## Task goal
Restate the listing below exactly, images excluded.

════════════════

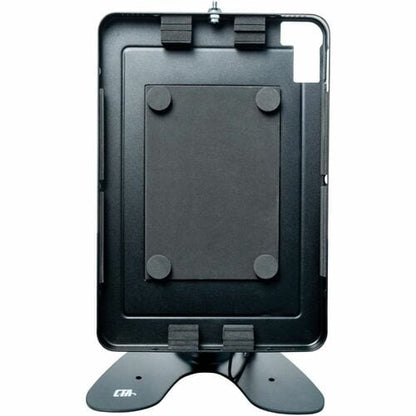 Soporte de quiosco de seguridad dual digital CTA para iPad Pro de 12,9 pulgadas Gen 3, 4 y 5 - Hasta t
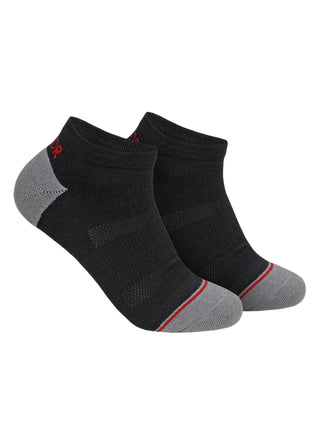 Sport Ankle Sock - Black/Grey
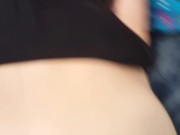 Hella Hot Couple Homemade Handjob and Fucking!!! Enjoy!! 16/16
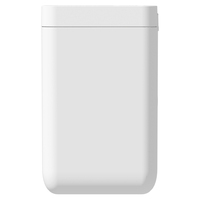NiiMbot-mini impresora térmica inteligente D101, máquina de impresión de etiquetas adhesivas, portátil, con código de barras, inalámbrica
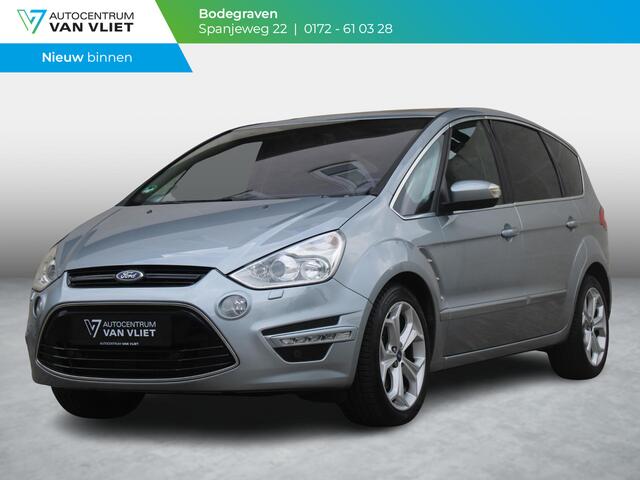 Ford S-MAX 1.6 EcoBoost Platinum | NAVIGATIE |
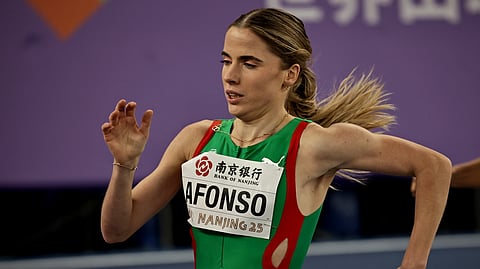 Salomé Afonso.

════════════════

## Output below
 Soporte de quiosco de seguridad dual digital CTA para iPad Pro de 12,9 pulgadas Gen 3, 4 y 5 - Hasta t
 Sport Ankle Sock - Black/Grey
 Hella Hot Couple Homemade Handjob and Fucking!!! Enjoy!! 16/16
NiiMbot-mini impresora térmica inteligente D101, máquina de impresión de etiquetas adhesivas, portátil, con código de barras, inalámbrica
 Ford S-MAX 1.6 EcoBoost Platinum | NAVIGATIE |
 Salomé Afonso.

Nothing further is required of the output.